Hate on Highlander all you want, I can’t hear you.   Ok, maybe I can a little bit.   Highlander is the ultimate example of what you get when you attempt to milk a franchise for every last dollar.   You get the good, the Highlander TV series (Which I have an encyclopedic knowledge of … go ahead, test me), the average, the original movie and Highlander 4, the bad, Highlander 2 and 3, and the “please god, make it stop, why, why, what have we done to deserve this, you can’t exist in a world that has horrors such as this” in Highlander: The Source.   Sidestepping all the bullshit that surrounds the Highlander mythos (Not to be confused with Methos, played by Peter Wingfield) what we have are good characters.   Like it or not, Highlander has imbedded itself in our culture.   For Fans of Highlander there has been the eternal question, Duncan or Conner.   This is our Kirk or Picard.   For my part I’m a Duncan guy.

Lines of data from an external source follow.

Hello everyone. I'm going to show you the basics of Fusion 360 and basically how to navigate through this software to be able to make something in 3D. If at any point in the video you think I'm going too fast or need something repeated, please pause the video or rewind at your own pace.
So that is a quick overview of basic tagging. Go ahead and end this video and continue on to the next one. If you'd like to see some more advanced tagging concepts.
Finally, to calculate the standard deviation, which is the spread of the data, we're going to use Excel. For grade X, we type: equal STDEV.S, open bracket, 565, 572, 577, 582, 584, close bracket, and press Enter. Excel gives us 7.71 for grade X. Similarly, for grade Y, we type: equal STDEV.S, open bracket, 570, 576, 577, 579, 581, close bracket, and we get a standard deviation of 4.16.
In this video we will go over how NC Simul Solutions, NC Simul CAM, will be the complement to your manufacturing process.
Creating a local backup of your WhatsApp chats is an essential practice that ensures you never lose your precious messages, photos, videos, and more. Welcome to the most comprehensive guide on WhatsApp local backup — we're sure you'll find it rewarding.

Highlander: End Game is the first time the two are on screen since the pilot of Highlander the series.   What we are also treated to is the death scene of the immortal (literally) character Connor MacCleod.   The thing that makes this scene great is the reaction of Duncan when he figures out what Conner is doing and realizes he has to go through with it.   It’s a tough scene to pull off.   Imagine finding out that your best friend of 400 years wants you to kill him.   Yea, heavy shit.

 

4. Jack Vincennes (Kevin Spacey – LA Confidential)

If you’ve never seen LA Confidential then drop what you’re doing, clear the next 2 hours and 30 minutes from your schedule and watch it.   Go ahead, I’ll wait.   Hmm, kinda foolish for me to wait when you can just stop reading.

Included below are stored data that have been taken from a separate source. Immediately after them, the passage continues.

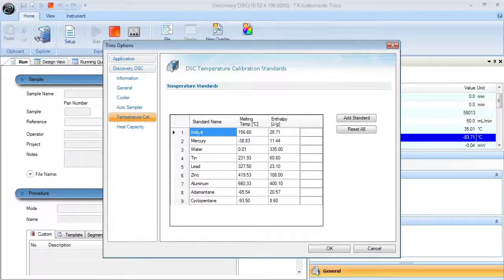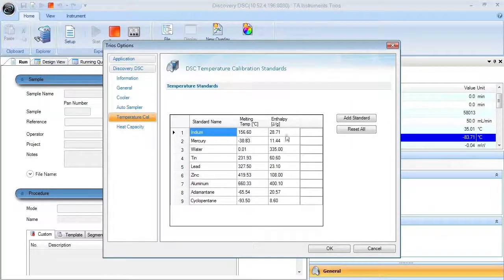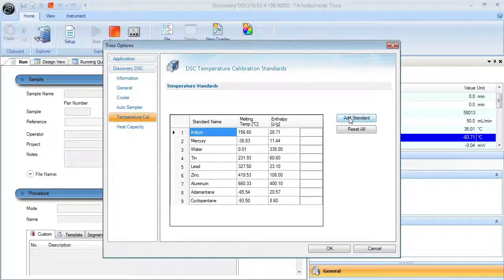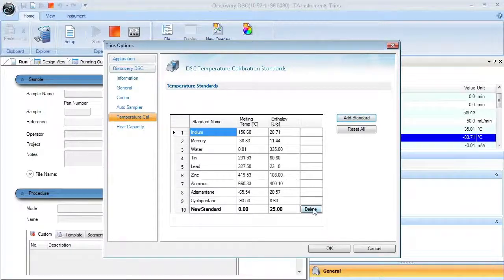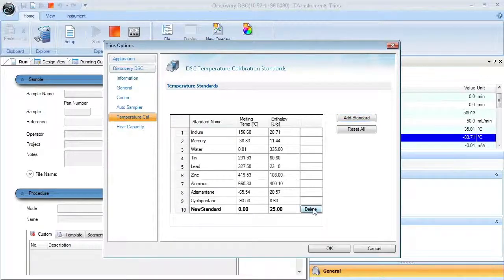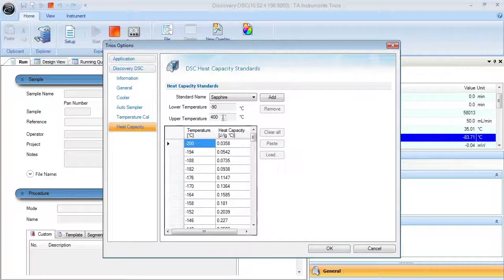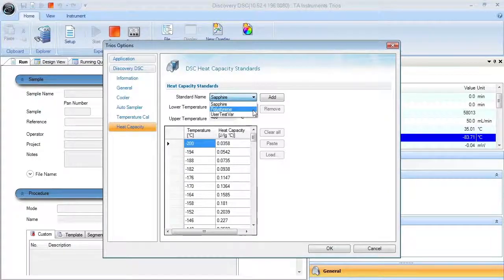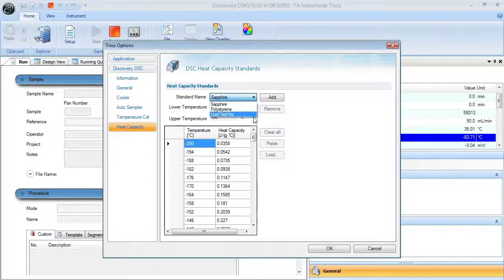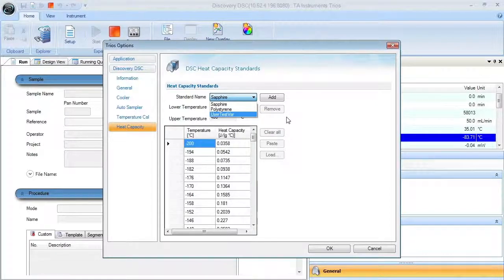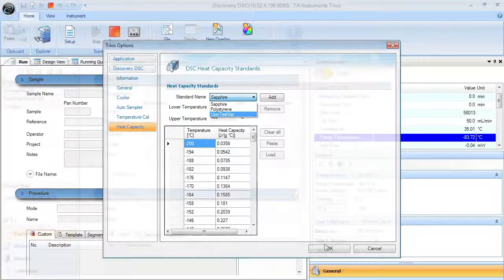The temperature tab has a list of potential temperature and enthalpy standards with the capability to add a new standard. Then the CP Heat Capacity tab contains literature values needed for calibration of two standards, sapphire and polystyrene, with the capability to add another reference material such as water.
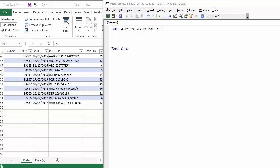Hi, it's Chester Tugwell from Blue Pecan Computer Training. In this video we're going to look at the VBA code needed to add a record to an Excel table.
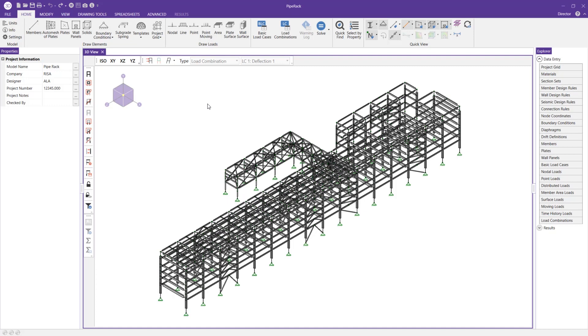In this short video, we'll be taking a look at the DIMLOCK tool within RISA 3D version 18. I'm going to showcase how it can add a lot of efficiency to your modeling practices when you're in the program.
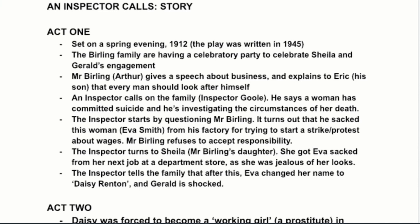At the end of Act One, attention shifts to Sheila, the Birlings' daughter. We learn that Eva was also sacked from her next job at a department store because Sheila was jealous — jealous of Eva's looks, feeling paranoid on a bad day. Sheila is horrified by what she did, but she does admit to getting Eva sacked.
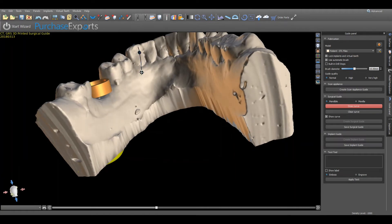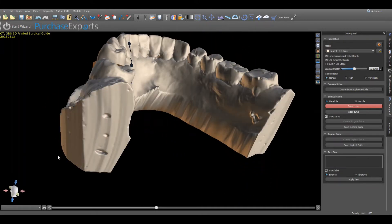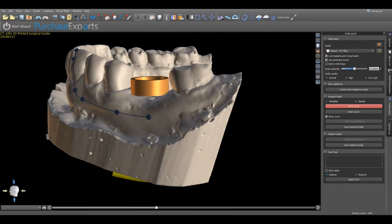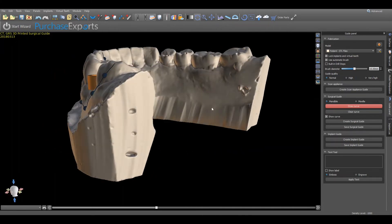Once all nodes have been placed and connected, verify the overall design, taking into consideration all undercuts, interproximal spaces, and anatomic landmarks in order to yield a comfortable and accurately fitting 3D printed surgical guide. If any adjustments are needed, simply place the cursor on the node to be adjusted and by clicking and holding the left mouse button, reposition each node into the desired location.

The reason I love this death scene is because with his dying words, Jack sets up his murderer.   With the life draining out of him Jack keeps his wits until the end.   He knows that planting the seed of Rolo Tomasi in the head of Captain Smith will ultimately lead to his downfall.

 

 

3. Obi Wan Kenobi (Alec Guinness – Star Wars: A New Hope)

If you have to watch the video because you don’t quite remember this part, you might be on the wrong web site.   For the rest of us, we all know the line.

“You can’t win Darth, if you strike me down I shall become more powerful than you can possibly imagine.”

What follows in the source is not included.